For this exercise, return all the data word for word, with images left out.

--- INPUT DATA ---
□ □ □

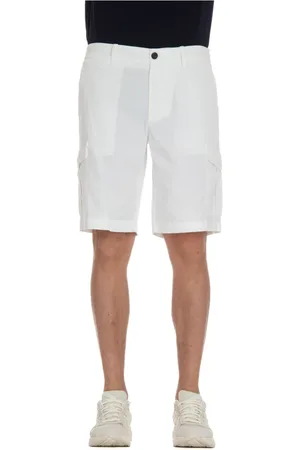 ELEVENTY Homme, Shorts, Blanc, Taille: W32 Short Blanc avec Fermeture Éclair et Bouton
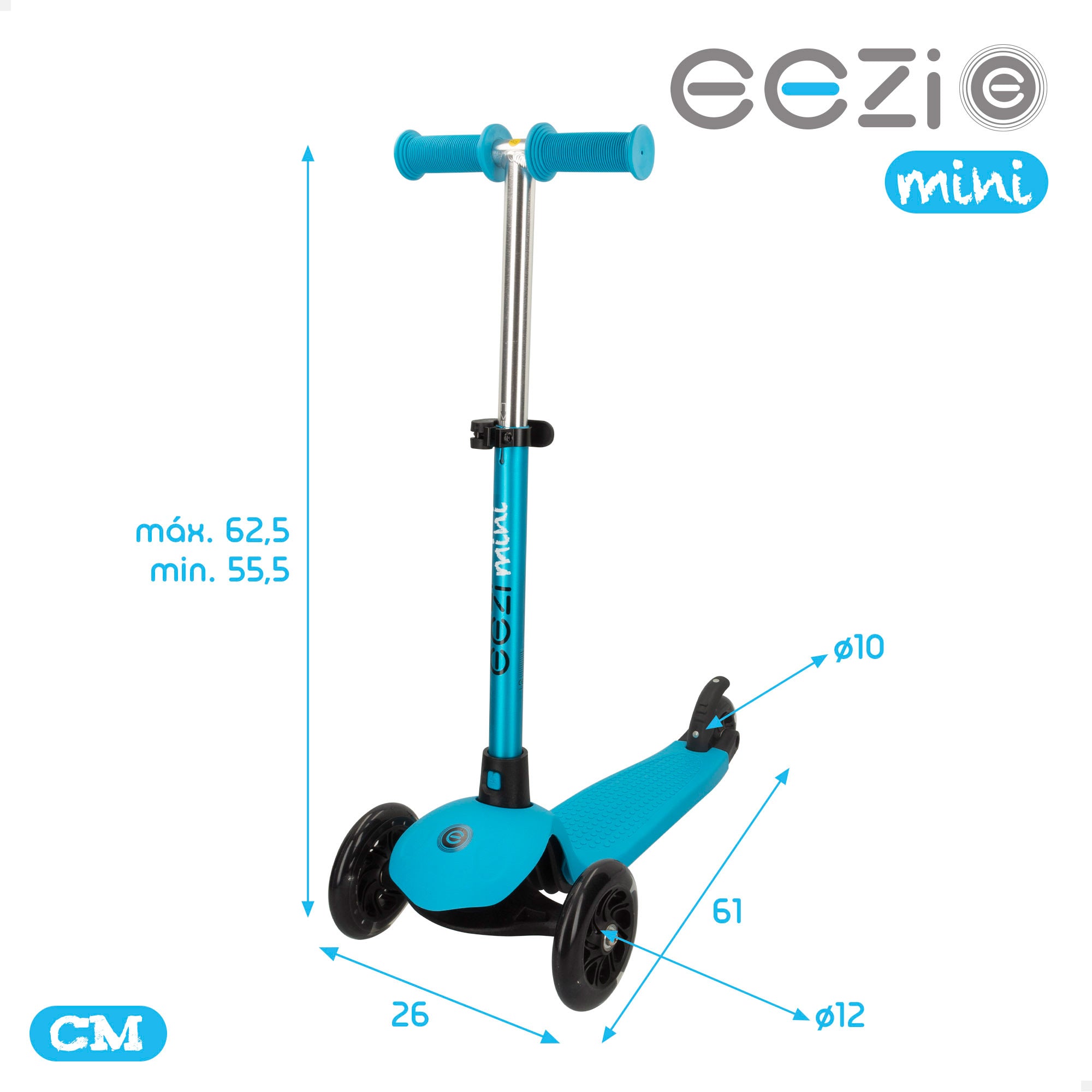 Patinete 3 ruedas azul con manillar desmontable EEZI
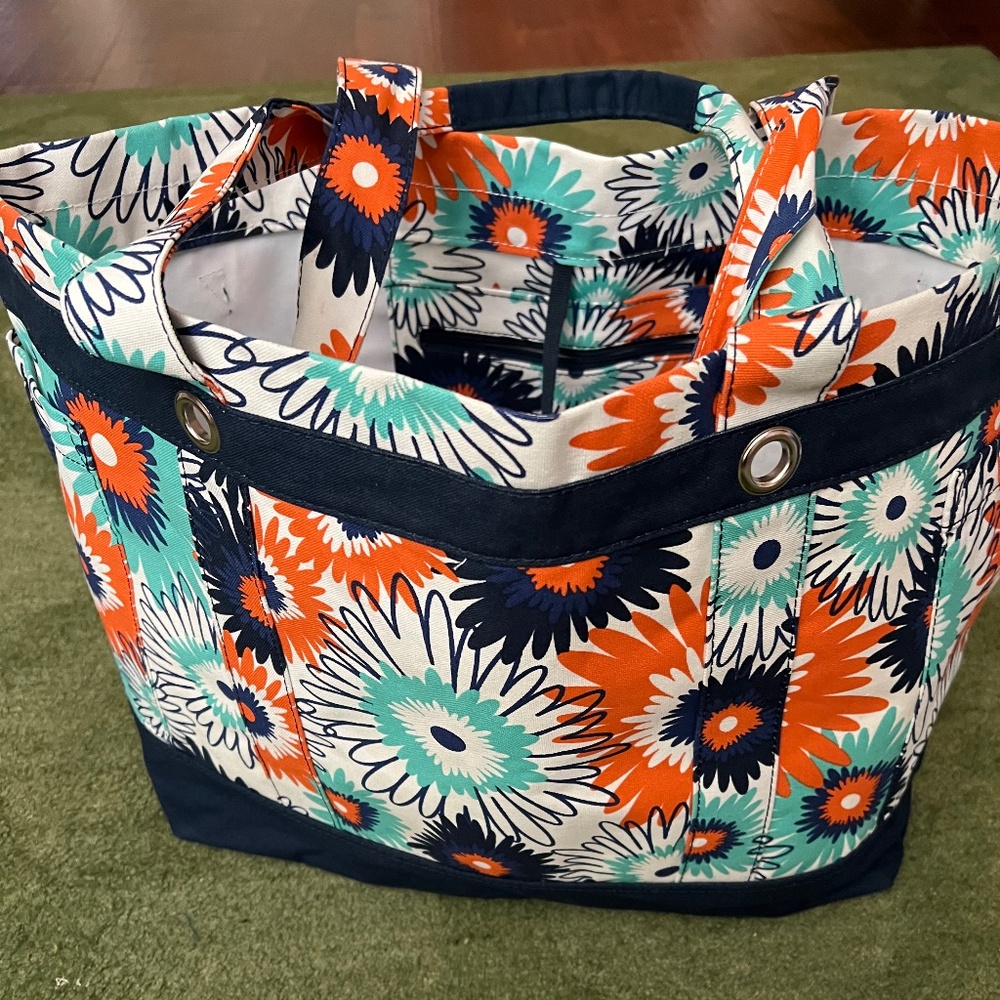 thirty-one Floral Canvas Tote in Orange, Teal, Navy, White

□ □ □

--- REPLY ---
 ELEVENTY Homme, Shorts, Blanc, Taille: W32 Short Blanc avec Fermeture Éclair et Bouton
 Patinete 3 ruedas azul con manillar desmontable EEZI
 thirty-one Floral Canvas Tote in Orange, Teal, Navy, White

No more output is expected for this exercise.